As Ireland prepares to leave OSCE chair, talk turns to relevance of cold war body
The question of how relevant the Organisation for Security and Co-operation in Europe remains in the 21st century hangs over every gathering of the organisation, and today’s OSCE ministerial conference in Dublin will be no different.
The event, the largest international conference ever organised in Ireland, will bring together more than 70 delegations, 55 foreign ministers and over 30 international NGOs for the grand finale of Ireland’s 2012 chairmanship of the OSCE, a body forged during the cold war that now struggles to find its place in a changed world.
Irish diplomats, having witnessed how negotiations at last year’s OSCE ministerial conference in Lithuania got bogged down due to the number of draft decisions tabled, decided to adopt a more streamlined approach for today’s event.
“We were determined to have a much smaller package on the table for Dublin,” says one Irish diplomat closely involved in the process.
“We certainly have that, but whether we are any closer to getting agreement on that small package depends on the dynamics on the day.”
Top of the list of priorities for Irish diplomats is securing approval for the strategic roadmap Ireland has drafted for the OSCE ahead of the 40th anniversary of the organisation in 2015.
“Rather than saying this year [Ireland] has sorted out X, Y and Z, we have offered a blueprint to the OSCE to take a slightly more forward-looking approach,” says the diplomat.
This proposal, known as the Helsinki +40, envisages a working group comprising the three forthcoming chairs – Ukraine, Switzerland and Serbia – which would examine a number of areas where the OSCE needs to change the way it operates.
“At the moment, these are conflict resolution, the need to build the capacity of the OSCE to deal with transnational threats, and strengthening the human dimension in particular and the OSCE institutions,” adds the Irish source.
“The Helsinki +40 decision is the one we want to get out of this conference. We are hopeful that we can get a document that says that the ministers recognise there is an opportunity between now and 2015 to look at a different way of doing business.”
A number of other issues are to be discussed at the RDS meeting today, including several prioritised by the Irish chairmanship: transnational threats, in particular cyber-security; good governance, including tackling corruption and increasing transparency; and protecting the freedom of the media.
Ebb and flow
Because the OSCE operates by consensus, discussions and outcomes at each ministerial conference are shaped by the ebb and flow of relations between its 57 member states.
“Any country that has issues that are extraneous to the negotiations can bring whatever it wants into it,” says one OSCE veteran. “Azerbaijan and Armenia in particular have had a tendency to import their conflict into every other decision, which is why it is so difficult to get agreement on anything.”

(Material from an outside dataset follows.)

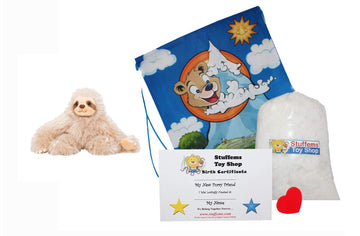 Stuffems Toy Shop Make Your Own Stuffed Animal Mini 8 Inch Very Soft Speedy the Sloth Kit - No Sewing Required!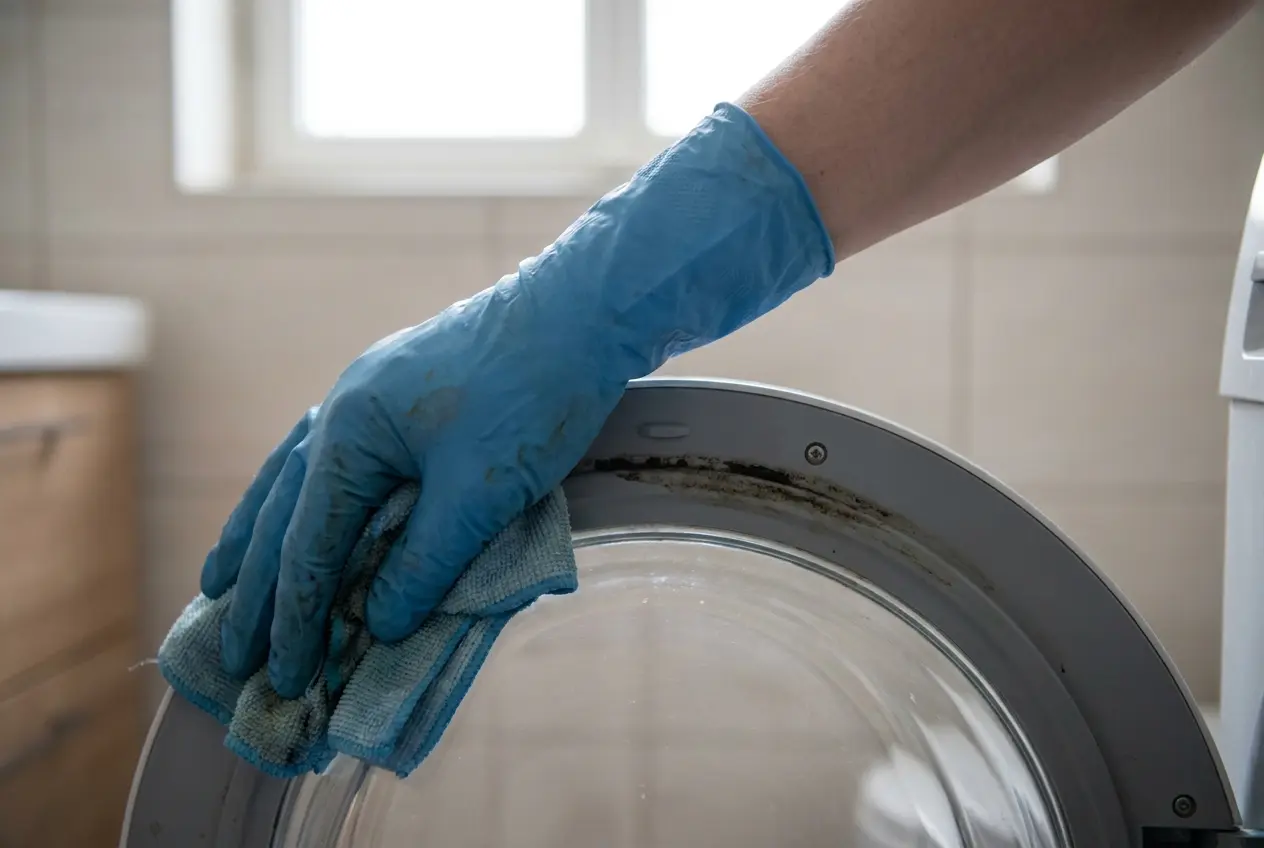 Cleaning the washing machine door seal with a cloth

At the Dublin gathering, attention is also expected to fall on Ukraine, which will take over the OSCE chairmanship from Ireland. Ukraine has faced criticism from both the EU and the US regarding its flawed October parliamentary elections and the detention of its former prime minister Yulia Tymoshenko, who was jailed last year on charges of abusing her office, and others.
The two-day event will feature plenary sessions consisting of five-minute statements from each delegation.

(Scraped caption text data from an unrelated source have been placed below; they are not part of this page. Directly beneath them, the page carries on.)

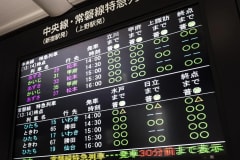Tablero electrónico de horarios de trenes con caracteres en japonés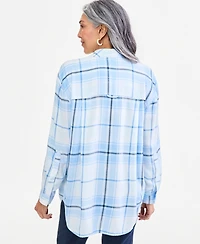 Style & Co Women's Plaid Long Roll-Tab Sleeves Rayon Blouse, Macy's Exclusive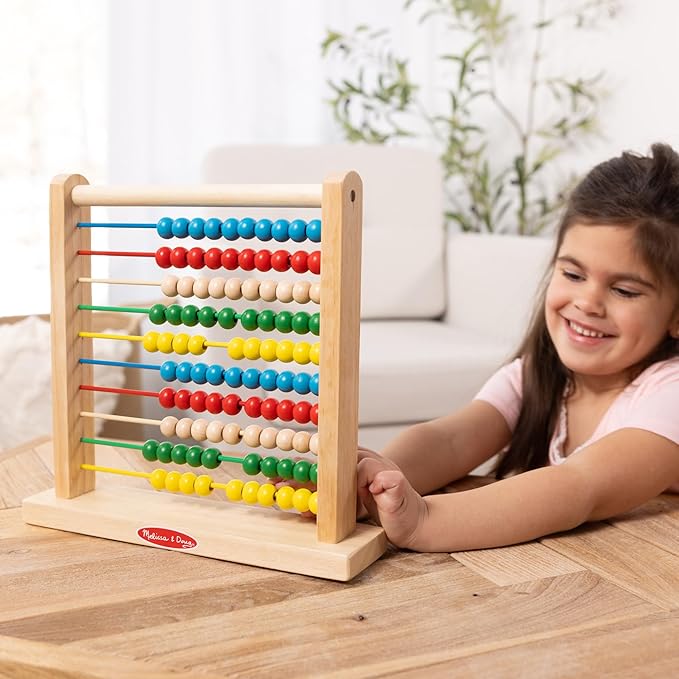 Melissa & Doug Abacus - Classic Wooden Educational Counting Toy With 100 Beads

The meat of the gathering will take place on the margins, whether during bilateral meetings between ministers from key participating states or negotiations between ambassadors away from the plenary.
The OSCE ministerial conference is second only to the UN General Assembly in the number of bilateral meetings that take place.
“It’s almost always a given that Russia will be on one side and the US will be the other, closely supported by the EU,” says one source. “They are the three key players in the negotiations.”
Ireland will have a number of bilateral meetings including with the US, Russia, the UK, Serbia and Kazakhstan. There will also be a number of parallel discussions on the so-called frozen conflicts in Nagorno-Karabakh, Abkhazia, South Ossetia and Transdniestria.
Worth watching will be tomorrow’s closing statement by Tánaiste and Minister for Foreign Affairs Eamon Gilmore. Drawing Ireland’s year-long chairmanship to an end, he is likely to offer a bracing assessment of whether the OSCE is fit for purpose. “There are tough messages that the OSCE needs to hear,” says one diplomatic source.
“This may not necessarily be the best way of doing business in the 21st century because, the longer it goes on, with what appear to be intractable discussions about issues that are not actually of central importance to the rest of the world and its citizens, the more it will be difficult for it to maintain its relevance.”